Falla su salida de la barra -después de un ejercicio en el que logra el milagro que solo estaba al alcance de los equilibristas del alambre entre dos torres de una catedral, por ejemplo, despertar a la vez el miedo extremo a una caída inevitable y dolorosa y, a la vez, la seguridad de que quien lo hace sabe tanto que la caída es imposible, y es un sentimiento estimulante y hermoso— porque se revoluciona tanto que cuando aterriza hace el gesto de quien pensaba que el suelo estaba más debajo de donde estaba en realidad. Es el aparato del bronce en Río, en el que se tambaleó, al que más ganas tiene de domar a la perfección porque cree que si falla ella le está fallando a todo el mundo.
“Estaba nerviosa”, explica Tom Forster, el responsable del equipo norteamericano, que busca, quizás inútilmente, una explicación racional al desconcierto. “Estaban descentradas, ella y sus compañeras”. Ninguna de ellas se para en la zona mixta después de un día en el que, todos están de acuerdo, han estado por debajo del nivel que se esperaba. Aunque Biles y su compañera Sunisa Lee, poseedora junto a la belga Nina Derwael, la campeona del mundo, de la gran magia de las asimétricas, el único aparato imperfecto de Biles, lideraron la clasificación general, por equipos Rusia, más limpia, con más profundidad de plantilla, terminó por delante de Estados Unidos por más de un punto. Y Estados Unidos lleva tres Juegos seguidos, desde Pekín, ganando el oro.

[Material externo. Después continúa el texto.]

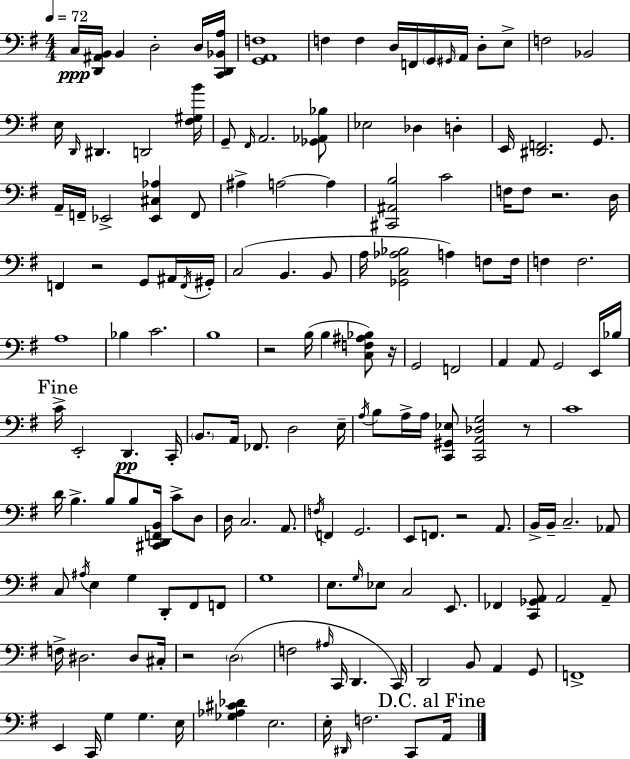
X:1
T:Untitled
M:4/4
L:1/4
K:G
C,/4 [D,,^A,,B,,]/4 B,, D,2 D,/4 [C,,D,,_B,,A,]/4 [G,,A,,F,]4 F, F, D,/4 F,,/4 G,,/4 ^G,,/4 A,,/4 D,/2 E,/2 F,2 _B,,2 E,/4 D,,/4 ^D,, D,,2 [^F,^G,B]/4 G,,/2 ^F,,/4 A,,2 [_G,,_A,,_B,]/2 _E,2 _D, D, E,,/4 [^D,,F,,]2 G,,/2 A,,/4 F,,/4 _E,,2 [_E,,^C,_A,] F,,/2 ^A, A,2 A, [^C,,^A,,B,]2 C2 F,/4 F,/2 z2 D,/4 F,, z2 G,,/2 ^A,,/4 F,,/4 ^G,,/4 C,2 B,, B,,/2 A,/4 [_G,,C,_A,_B,]2 A, F,/2 F,/4 F, F,2 A,4 _B, C2 B,4 z2 B,/4 B, [C,F,^A,_B,]/2 z/4 G,,2 F,,2 A,, A,,/2 G,,2 E,,/4 _B,/4 C/4 E,,2 D,, C,,/4 B,,/2 A,,/4 _F,,/2 D,2 E,/4 A,/4 B,/2 A,/4 A,/4 [C,,^G,,_E,]/2 [C,,A,,_D,G,]2 z/2 C4 D/4 B, B,/2 B,/2 [^C,,D,,F,,B,,]/4 C/2 D,/2 D,/4 C,2 A,,/2 F,/4 F,, G,,2 E,,/2 F,,/2 z2 A,,/2 B,,/4 B,,/4 C,2 _A,,/2 C,/2 ^A,/4 E, G, D,,/2 ^F,,/2 F,,/2 G,4 E,/2 G,/4 _E,/2 C,2 E,,/2 _F,, [C,,_G,,A,,]/2 A,,2 A,,/2 F,/4 ^D,2 ^D,/2 ^C,/4 z2 D,2 F,2 ^A,/4 C,,/4 D,, C,,/4 D,,2 B,,/2 A,, G,,/2 F,,4 E,, C,,/4 G, G, E,/4 [_G,_A,^C_D] E,2 E,/4 ^D,,/4 F,2 C,,/2 A,,/4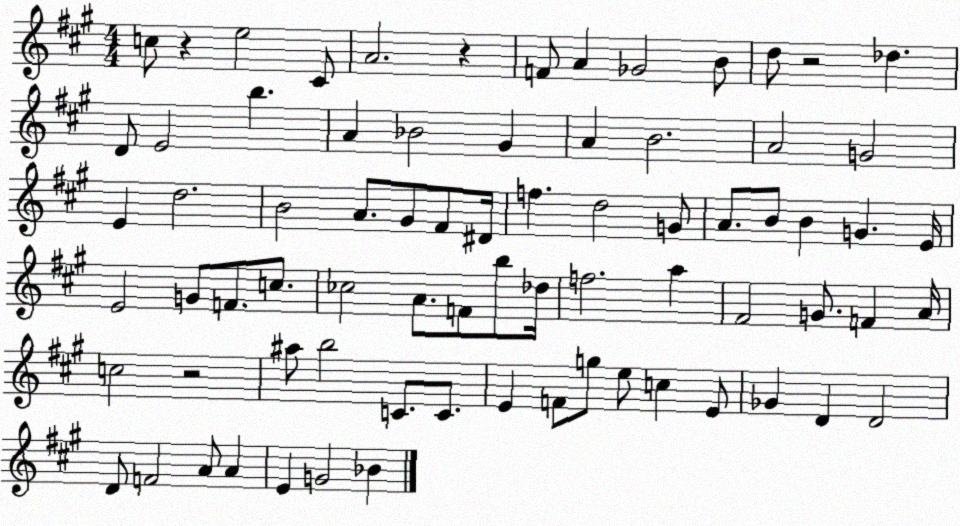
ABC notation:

X:1
T:Untitled
M:4/4
L:1/4
K:A
c/2 z e2 ^C/2 A2 z F/2 A _G2 B/2 d/2 z2 _d D/2 E2 b A _B2 ^G A B2 A2 G2 E d2 B2 A/2 ^G/2 ^F/2 ^D/4 f d2 G/2 A/2 B/2 B G E/4 E2 G/2 F/2 c/2 _c2 A/2 F/2 b/2 _d/4 f2 a ^F2 G/2 F A/4 c2 z2 ^a/2 b2 C/2 C/2 E F/2 g/2 e/2 c E/2 _G D D2 D/2 F2 A/2 A E G2 _B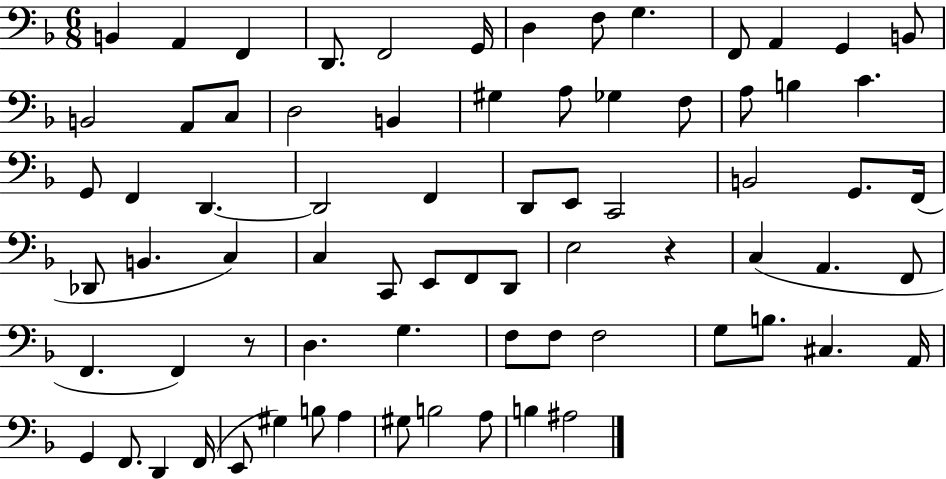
{
  \clef bass
  \numericTimeSignature
  \time 6/8
  \key f \major
  b,4 a,4 f,4 | d,8. f,2 g,16 | d4 f8 g4. | f,8 a,4 g,4 b,8 | \break b,2 a,8 c8 | d2 b,4 | gis4 a8 ges4 f8 | a8 b4 c'4. | \break g,8 f,4 d,4.~~ | d,2 f,4 | d,8 e,8 c,2 | b,2 g,8. f,16( | \break des,8 b,4. c4) | c4 c,8 e,8 f,8 d,8 | e2 r4 | c4( a,4. f,8 | \break f,4. f,4) r8 | d4. g4. | f8 f8 f2 | g8 b8. cis4. a,16 | \break g,4 f,8. d,4 f,16( | e,8 gis4) b8 a4 | gis8 b2 a8 | b4 ais2 | \break \bar "|."
}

Otro trabajo para Biles, clasificada también para las cuatro finales por aparatos, quien también en la imperfección sigue creciendo, pero se pierde una visión real de lo que podría ser ella dentro de 22 años, a los 46, como Oksana Chusovitina, que, cuando ya Biles se ha ido, salta por última vez, lo ha prometido, en unos Juegos Olímpicos. Campeona olímpica con el equipo unificado (la antigua Unión Soviética) en Barcelona 92, Chusovitina, 10 medallas mundiales, compite por Uzbekistán, y luce en el pecho de su leotardo verde un ocho, como los Juegos que ha disputado, y, después de hacerlo (y ni tan mal, termina la 12ª), se despide de todos, lanzando besos a las gradas vacías y, sobre todo, a sus compañeras gimnastas, quienes inmediatamente abandonan sus afanes y la aplauden, y hay más jaleo en el pabellón que con Biles. Aplauden todos, salvo los jueces, es natural, y llora Chusovitina, que tiene una hija de 23 años, mayor que muchas de las rivales, y cejas salvajes soviéticas, y las uñas verdes, blancas y azules de la bandera de Uzbekistán. Y todas las gimnastas, sus hijas podrían ser, corren a hacerse fotos con ella, emocionadas. Nadie se la quiere perder, como a Biles, claro.